O crédito consignado é reconhecido como mais vantajoso por oferecer a garantia de ser descontado do salário ou benefício recebido, o que reduz risco e possibilita a cobrança de juros mais baixos. No caso do trabalhador do setor privado, entretanto, há a chance de demissão do tomador, desvinculando este da empresa conveniada com um banco para oferecer esse crédito descontado em folha. Tal problema se reflete nos juros e índices de inadimplência, que são os maiores das três categorias, e é identificado como parte do motivo da baixa adesão a essa linha.
Em dezembro de 2024 o crédito consignado representava 17,1% da carteira de crédito a pessoas físicas do Sistema Financeiro Nacional, sendo:
Fonte: BCB.
O novo modelo, que o governo pretende divulgar após o Carnaval, prevê uma ampliação do público-alvo, incluindo empregados domésticos e trabalhadores autônomos, já que a contratação passa a ser feita a partir do e-Social. As garantias nesse novo modelo, que são base para possibilitar juros 50% inferiores às de “empréstimos comuns”, como sinalizou o ministro da Fazenda Fernando Haddad, ainda não estão claras, destaca Hennings.
A pesquisadora aponta que, se bem-sucedida, essa linha poderá trazer um problema conjuntural para o Banco Central, tornando menos eficaz a política de aumento de juros no combate à inflação. “Do ponto de vista estrutural, trata-se de uma iniciativa positiva. Mas hoje vivemos um momento em que é preciso deixar que a economia volte a crescer dentro de seu potencial, e essa decisão vai no caminho contrário”, afirma a pesquisadora. “Medidas para desenvolver o mercado de crédito fazem parte de uma agenda do Banco Central (BC) de muito tempo, sobre a qual não há oposição. Mas, além de não termos detalhes sobre a forma como será operacionalizado, também é preciso considerar que é um momento do ciclo ruim para a autoridade monetária”, reforça. “Além disso, esse crédito bancário pode contribuir para a necessidade de elevação dos juros, o que contaminará outras formas de crédito que sofrerão com essa alta.”
Hennings também destaca a necessidade de que esse crédito seja acompanhado de medidas de educação financeira.
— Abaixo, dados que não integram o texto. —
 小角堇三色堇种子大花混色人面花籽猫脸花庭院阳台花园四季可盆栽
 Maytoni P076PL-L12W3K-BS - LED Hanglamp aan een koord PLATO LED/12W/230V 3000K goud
Apenas com campanhas de orientação do uso consciente do crédito, salienta, as pessoas poderão tomar decisões conscientes e usar o consignado para substituir opções mais caras como o rotativo do cartão de crédito – que em dezembro de 2024 somava saldo de R$ 61,4 bilhões, com taxa de juros de 450% ao ano e inadimplência de 55,1%. “Se com o novo consignado as pessoas saírem de dívidas como essa, será um ganho importante. Contudo, se acumularem mais um endividamento, a situação se agrava, com grande risco de aumento da inadimplência” alerta, lembrando que o comprometimento de renda do consumidor brasileiro com dívidas já é alto. Em janeiro, 26,3% da renda das famílias estavam comprometidos com o pagamento do serviço da dívida junto ao Sistema Financeiro Nacional, o que inclui financiamento imobiliário. Esse número não é muito menor ao pico registrado em meados de 2023, de 27,8%. “É preciso conscientizar os consumidores de que crédito é uma antecipação de renda, não um aumento, e que o inimigo na atual conjuntura não é a taxa de juros, mas a inflação”, completa Hennings.